"""
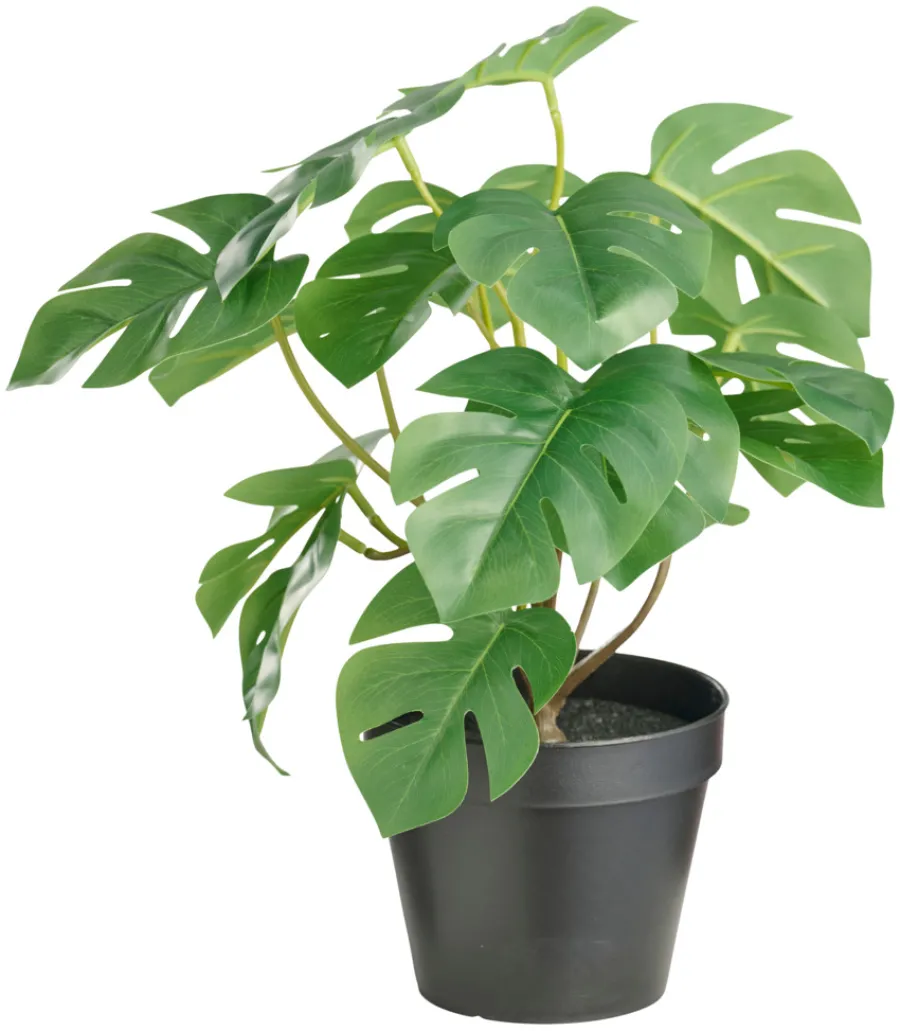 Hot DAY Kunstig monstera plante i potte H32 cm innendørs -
"""
"""
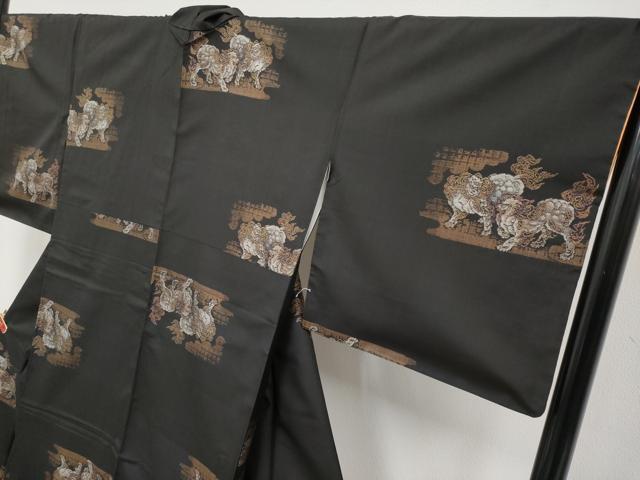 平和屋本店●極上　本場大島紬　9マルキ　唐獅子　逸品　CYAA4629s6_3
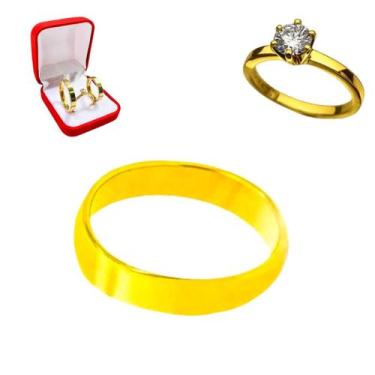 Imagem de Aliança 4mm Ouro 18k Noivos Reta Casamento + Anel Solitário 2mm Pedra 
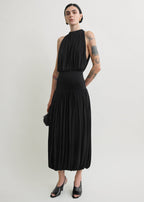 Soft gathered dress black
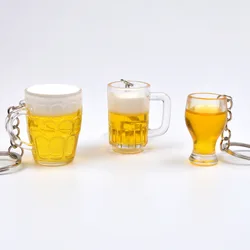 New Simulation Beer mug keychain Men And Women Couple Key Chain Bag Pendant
"""
- [TASK INSTRUCTIONS] Both boundary lines included, write out word for word only the lines above from the one containing "平和屋本店●極上　本場大島紬　9マルキ　唐獅子　逸品　CYAA4629s6_3" to the one containing "New Simulation Beer", leaving out any pictures.

- [EXERCISE OUTPUT]
 平和屋本店●極上　本場大島紬　9マルキ　唐獅子　逸品　CYAA4629s6_3
 Imagem de Aliança 4mm Ouro 18k Noivos Reta Casamento + Anel Solitário 2mm Pedra 
 Soft gathered dress black
 New Simulation Beer mug keychain Men And Women Couple Key Chain Bag Pendant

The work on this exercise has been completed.